* INSTRUCTIONS FOR THE TASK:
Write out the lines below exactly, beginning at the one with "KOSTUM ME PUSH" and stopping after the one with "Zupy krem z dyni i zupa pomidorowa"; the pictures are not copied.

* DATASET ENTRIES:

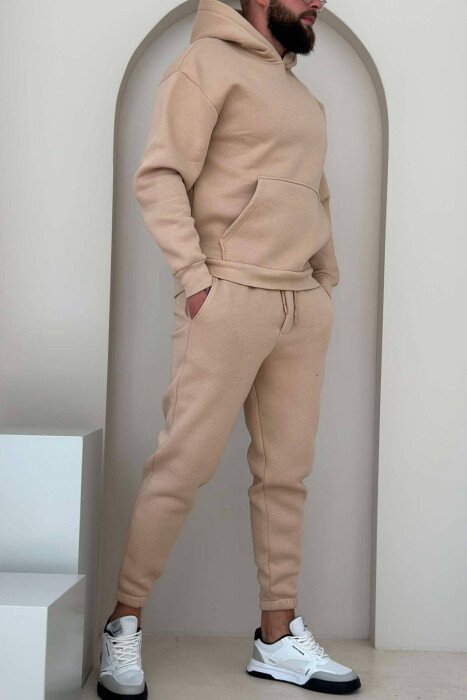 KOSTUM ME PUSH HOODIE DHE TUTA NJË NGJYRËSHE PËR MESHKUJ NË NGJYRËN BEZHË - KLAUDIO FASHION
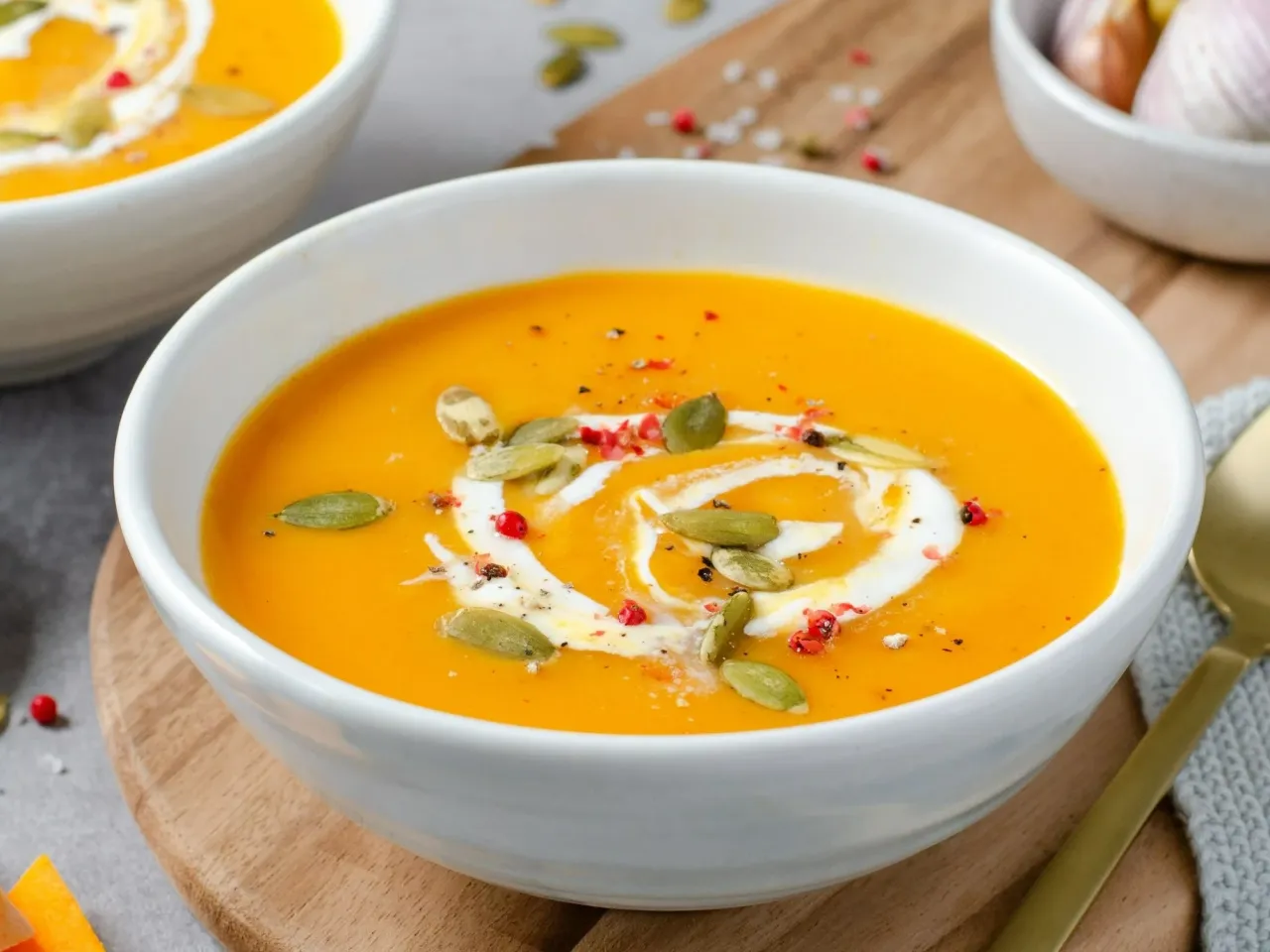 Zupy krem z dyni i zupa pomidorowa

---

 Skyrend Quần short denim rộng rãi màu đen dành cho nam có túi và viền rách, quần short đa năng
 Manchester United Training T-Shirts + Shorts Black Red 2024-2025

* TASK SOLUTION:
 KOSTUM ME PUSH HOODIE DHE TUTA NJË NGJYRËSHE PËR MESHKUJ NË NGJYRËN BEZHË - KLAUDIO FASHION
 Zupy krem z dyni i zupa pomidorowa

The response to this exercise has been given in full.